• PROMPT
For any picture in the lines below, please leave it out and copy the rest exactly.
------------------------------------------------
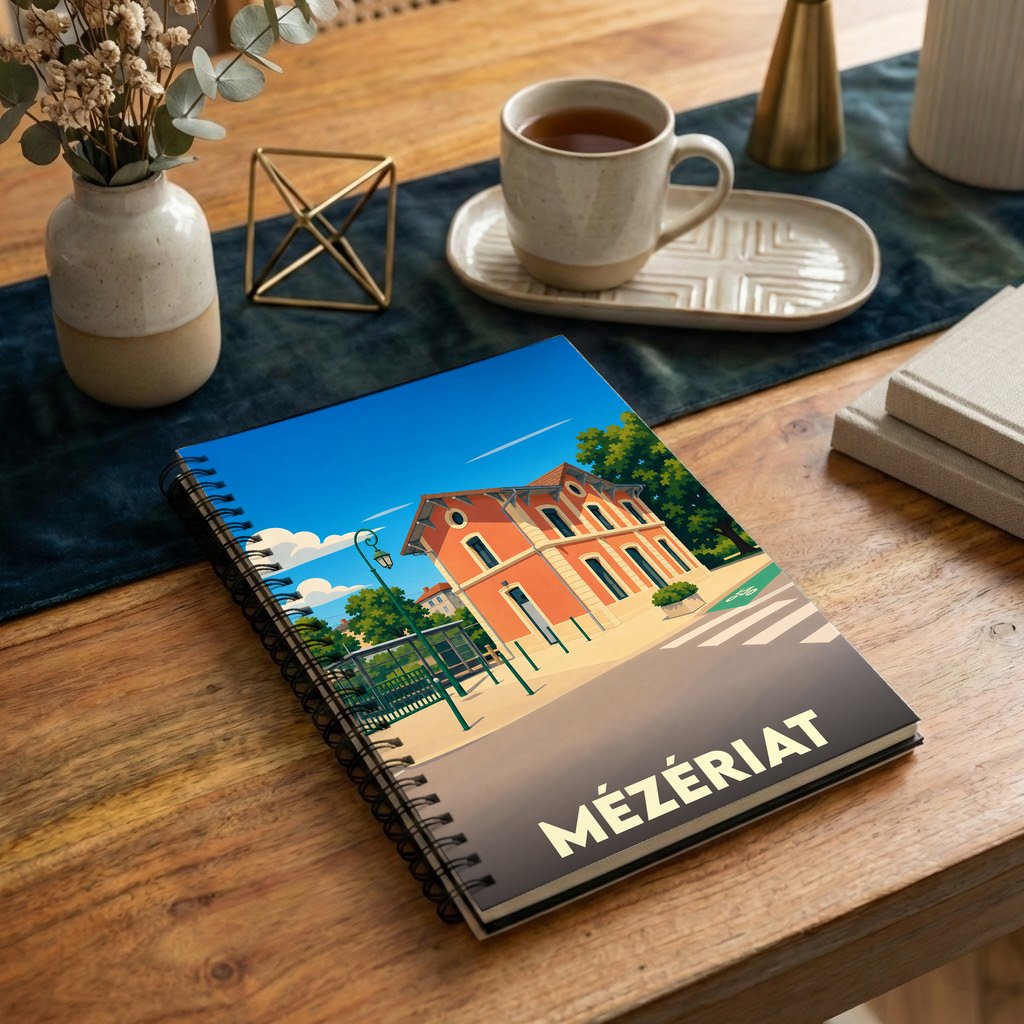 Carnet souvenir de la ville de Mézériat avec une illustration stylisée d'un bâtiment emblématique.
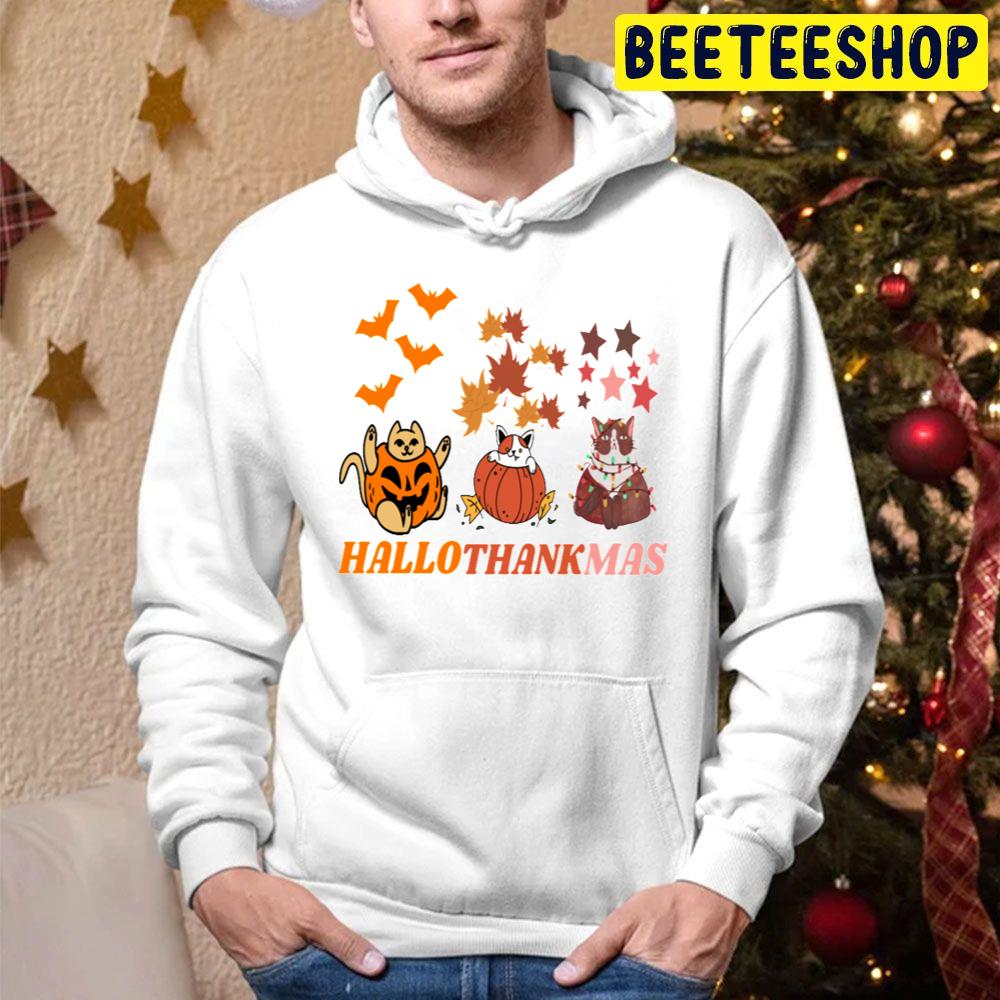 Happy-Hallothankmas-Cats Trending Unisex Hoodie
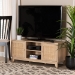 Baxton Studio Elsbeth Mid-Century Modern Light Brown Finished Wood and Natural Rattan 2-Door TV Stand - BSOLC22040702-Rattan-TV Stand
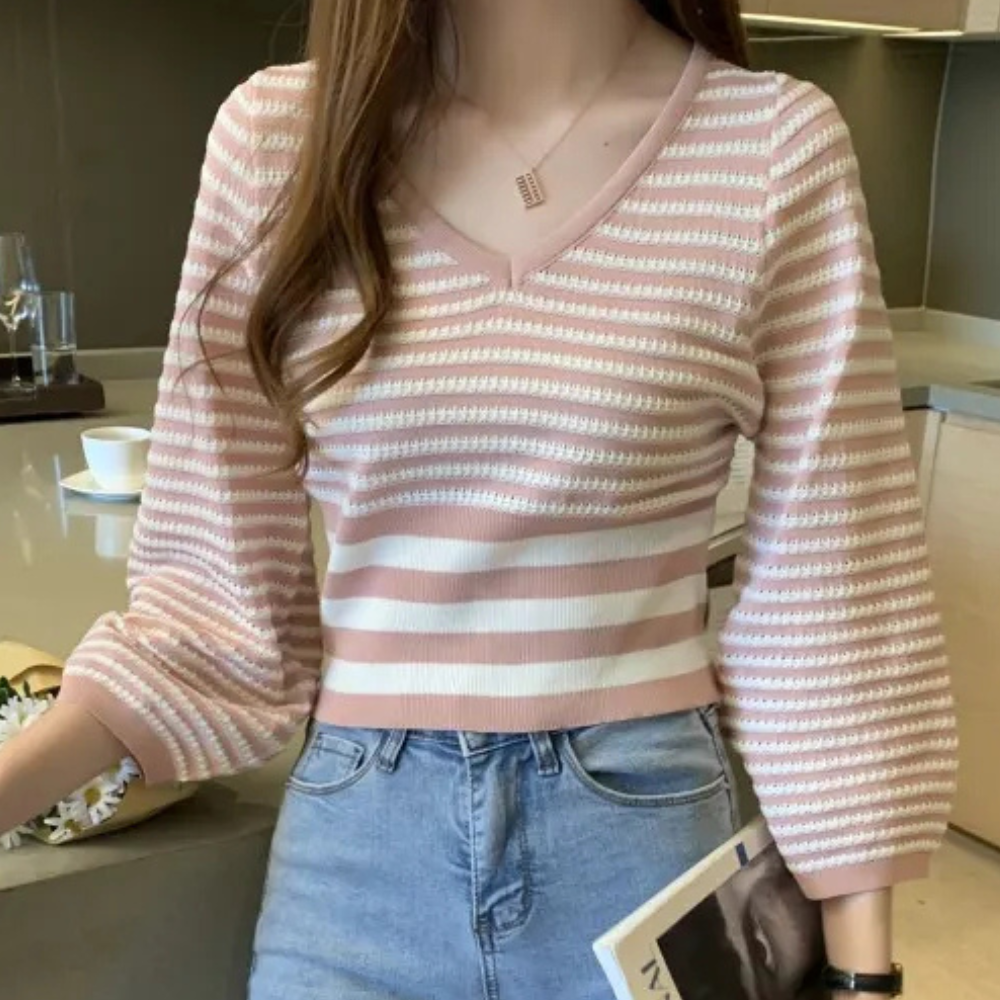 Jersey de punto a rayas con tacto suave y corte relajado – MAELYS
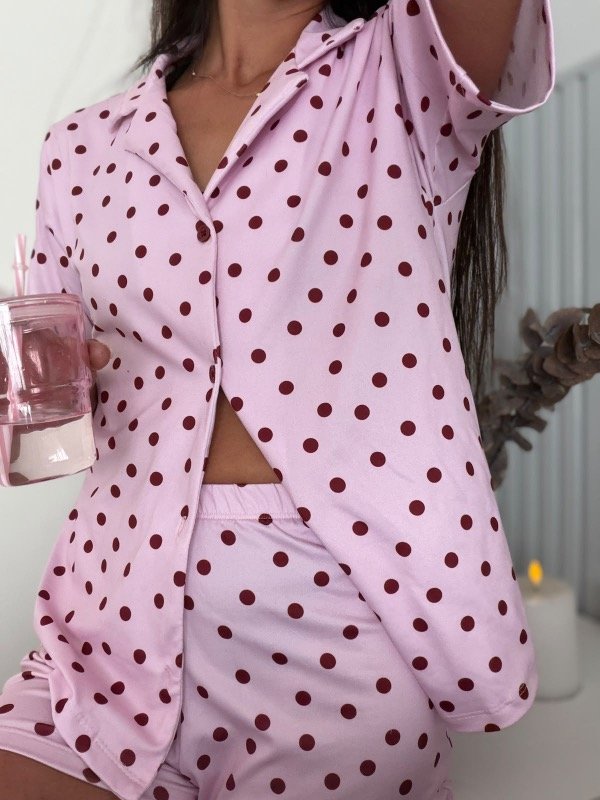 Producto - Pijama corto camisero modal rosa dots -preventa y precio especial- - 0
------------------------------------------------
• EXPECTED ANSWER
 Carnet souvenir de la ville de Mézériat avec une illustration stylisée d'un bâtiment emblématique.
 Happy-Hallothankmas-Cats Trending Unisex Hoodie
 Baxton Studio Elsbeth Mid-Century Modern Light Brown Finished Wood and Natural Rattan 2-Door TV Stand - BSOLC22040702-Rattan-TV Stand
 Jersey de punto a rayas con tacto suave y corte relajado – MAELYS
 Producto - Pijama corto camisero modal rosa dots -preventa y precio especial- - 0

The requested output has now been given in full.